MBC: In the event that Parliament convenes for an extraordinary session, what in your opinion, would be the legislation that should be given priority in discussion and endorsement?

King Abdullah: We are now at a new stage of our national march. This stage requires a number of laws that must be completed quickly. For example, the anti-corruption commission law, political parties law, the municipalities law, the anti-terrorism law, the national ombudsman law - all require the presence of the Lower House of Parliament to enact these, along with others, quickly.

MBC: Your Majesty, you have made significant changes at the Royal Court and the government. Now we have the government of Dr. Maarouf Al Bakhit. Your Majesty speaks of important legislation: the anti-terrorism law, the anti-corruption law. Will you consider dissolving Parliament if the Lower House does not finalise these laws? I ask this question in light of previous instances since 1989 in which the Lower House was dissolved before completing the legislation on its agenda.

King Abdullah: The deputies realise the need for these laws, and [know that] any delay in finalising them would pose an obstacle to our national march. I believe that the deputies are up to the responsibilities and the challenges that we have to face. In my national responsibility and commitment to achieve dignified life for each citizen in this country, I will not accept any obstacles to be placed in the way of our national march.

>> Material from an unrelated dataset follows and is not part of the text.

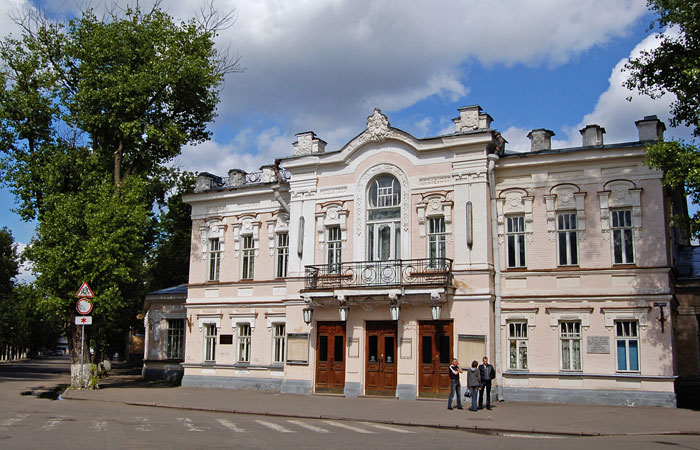 Псковский театр отказался снять вызвавший разногласия в труппе спектакль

MBC: Your Majesty, I would have liked not to bring up the issue of Hamas bringing weapons into Jordan, because I know that there is a habit of not discussing this issue in the media and instead leaving it to the relevant authorities. Allow me as a journalist to ask, because there are some who doubt the government's story about Hamas' violations, including bringing in and storing weapons in Jordan and planning to target vital Jordanian institutions and personalities. [Those who doubt the story] believe that this is a government ruse in order to not receive the foreign minister of the Hamas government.

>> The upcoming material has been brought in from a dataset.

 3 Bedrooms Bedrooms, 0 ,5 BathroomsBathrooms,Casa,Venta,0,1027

King Abdullah: When Jordanian security services arrested the terrorist Sajeda, there were some who doubted the [truth]. This doubt probably exposes support and sympathy for those who commit such violations or for these terrorist operations or whoever stands behind them. In any case, we have given all the information to the Palestinian president, and it has been agreed that a Palestinian political and security delegation will be dispatched to Jordan to follow up on this issue and disclose this information and details to everyone.

MBC: My final question… The rise in fuel prices in Jordan and around the world has affected everyone. Even our working trips in Al Arabiyya's Amman bureau are being meticulously regulated. The Kingdom of Saudi Arabia has offered oil grants to Jordan. Is the renewal of this grant, at least until the end of this year, under consideration? Are there any contacts with the Saudis?

King Abdullah: There has been some discussion of this issue, and you know the Custodian of the two Holy Mosques King Abdullah, and our brothers in the kingdom of Saudi Arabia have never been anything but generous, God grant them prosperity.